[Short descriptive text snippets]

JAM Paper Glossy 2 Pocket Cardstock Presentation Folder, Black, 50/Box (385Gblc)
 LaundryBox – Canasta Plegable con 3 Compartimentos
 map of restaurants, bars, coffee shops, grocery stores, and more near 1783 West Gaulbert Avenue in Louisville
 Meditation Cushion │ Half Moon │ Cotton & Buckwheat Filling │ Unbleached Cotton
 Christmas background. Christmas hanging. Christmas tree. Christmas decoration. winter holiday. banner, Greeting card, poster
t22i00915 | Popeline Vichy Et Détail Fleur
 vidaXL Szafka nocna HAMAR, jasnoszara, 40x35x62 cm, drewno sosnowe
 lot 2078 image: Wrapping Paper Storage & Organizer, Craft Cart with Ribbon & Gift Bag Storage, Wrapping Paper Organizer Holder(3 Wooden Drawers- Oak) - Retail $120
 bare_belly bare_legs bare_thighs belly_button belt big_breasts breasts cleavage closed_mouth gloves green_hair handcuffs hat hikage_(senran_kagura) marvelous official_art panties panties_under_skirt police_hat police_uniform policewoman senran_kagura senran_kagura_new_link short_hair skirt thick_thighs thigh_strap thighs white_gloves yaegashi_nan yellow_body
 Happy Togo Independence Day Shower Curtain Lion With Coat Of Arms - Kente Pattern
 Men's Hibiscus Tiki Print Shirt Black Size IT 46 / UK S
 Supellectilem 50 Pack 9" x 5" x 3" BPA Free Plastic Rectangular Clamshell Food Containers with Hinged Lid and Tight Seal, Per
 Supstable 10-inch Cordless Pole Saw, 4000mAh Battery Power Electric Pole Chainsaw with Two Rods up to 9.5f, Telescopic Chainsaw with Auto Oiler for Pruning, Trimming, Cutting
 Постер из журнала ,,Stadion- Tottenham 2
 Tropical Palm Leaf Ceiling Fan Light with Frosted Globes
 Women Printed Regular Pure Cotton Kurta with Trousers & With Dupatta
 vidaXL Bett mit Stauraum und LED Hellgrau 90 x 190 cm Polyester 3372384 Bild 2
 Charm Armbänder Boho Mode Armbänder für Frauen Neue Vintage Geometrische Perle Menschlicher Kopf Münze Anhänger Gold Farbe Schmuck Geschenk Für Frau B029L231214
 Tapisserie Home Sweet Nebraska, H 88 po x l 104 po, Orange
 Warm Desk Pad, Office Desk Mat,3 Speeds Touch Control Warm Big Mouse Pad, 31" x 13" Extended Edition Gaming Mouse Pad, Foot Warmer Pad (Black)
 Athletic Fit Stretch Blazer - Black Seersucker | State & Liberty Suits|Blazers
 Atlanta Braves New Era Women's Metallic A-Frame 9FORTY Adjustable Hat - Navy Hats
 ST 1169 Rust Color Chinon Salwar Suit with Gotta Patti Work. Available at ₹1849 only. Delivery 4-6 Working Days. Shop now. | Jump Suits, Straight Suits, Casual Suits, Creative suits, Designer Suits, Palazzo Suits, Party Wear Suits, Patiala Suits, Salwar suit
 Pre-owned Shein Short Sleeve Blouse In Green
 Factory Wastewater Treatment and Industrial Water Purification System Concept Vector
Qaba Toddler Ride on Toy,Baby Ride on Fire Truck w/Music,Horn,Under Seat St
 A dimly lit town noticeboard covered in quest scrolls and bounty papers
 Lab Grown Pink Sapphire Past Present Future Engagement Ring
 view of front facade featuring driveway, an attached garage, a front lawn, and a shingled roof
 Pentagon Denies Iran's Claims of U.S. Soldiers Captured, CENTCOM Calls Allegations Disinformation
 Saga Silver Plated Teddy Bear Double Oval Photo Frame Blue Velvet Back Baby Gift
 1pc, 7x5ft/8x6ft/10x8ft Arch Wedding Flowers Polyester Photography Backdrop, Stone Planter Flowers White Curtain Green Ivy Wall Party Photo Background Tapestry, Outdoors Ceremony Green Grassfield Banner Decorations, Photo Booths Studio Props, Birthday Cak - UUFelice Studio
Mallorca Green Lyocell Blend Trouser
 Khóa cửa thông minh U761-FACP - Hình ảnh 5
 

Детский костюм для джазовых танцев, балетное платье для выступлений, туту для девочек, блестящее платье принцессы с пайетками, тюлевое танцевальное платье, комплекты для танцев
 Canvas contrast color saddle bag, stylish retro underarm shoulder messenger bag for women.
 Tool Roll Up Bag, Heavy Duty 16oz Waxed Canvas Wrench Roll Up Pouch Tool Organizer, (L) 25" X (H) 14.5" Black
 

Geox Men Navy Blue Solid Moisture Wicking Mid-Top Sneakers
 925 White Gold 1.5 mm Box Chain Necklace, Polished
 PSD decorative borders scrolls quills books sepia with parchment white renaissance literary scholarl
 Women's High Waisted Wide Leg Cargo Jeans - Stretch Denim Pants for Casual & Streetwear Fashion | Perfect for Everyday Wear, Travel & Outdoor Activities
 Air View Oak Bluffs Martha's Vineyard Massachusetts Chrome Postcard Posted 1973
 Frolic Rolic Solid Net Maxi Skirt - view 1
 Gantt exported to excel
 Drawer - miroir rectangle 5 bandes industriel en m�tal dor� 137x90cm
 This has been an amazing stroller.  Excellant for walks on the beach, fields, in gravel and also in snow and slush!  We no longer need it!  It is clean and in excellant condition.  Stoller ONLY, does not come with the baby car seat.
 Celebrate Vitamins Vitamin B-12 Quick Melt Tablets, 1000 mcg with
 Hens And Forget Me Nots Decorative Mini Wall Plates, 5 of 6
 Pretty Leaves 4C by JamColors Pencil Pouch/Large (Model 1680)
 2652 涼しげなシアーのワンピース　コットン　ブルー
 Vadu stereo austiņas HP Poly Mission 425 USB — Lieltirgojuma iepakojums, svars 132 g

ASSIGNMENT: Begin at the first line of the records above and quote every line verbatim through the one that contains "Meditation Cushion │".

RESPONSE AREA:
JAM Paper Glossy 2 Pocket Cardstock Presentation Folder, Black, 50/Box (385Gblc)
 LaundryBox – Canasta Plegable con 3 Compartimentos
 map of restaurants, bars, coffee shops, grocery stores, and more near 1783 West Gaulbert Avenue in Louisville
 Meditation Cushion │ Half Moon │ Cotton & Buckwheat Filling │ Unbleached Cotton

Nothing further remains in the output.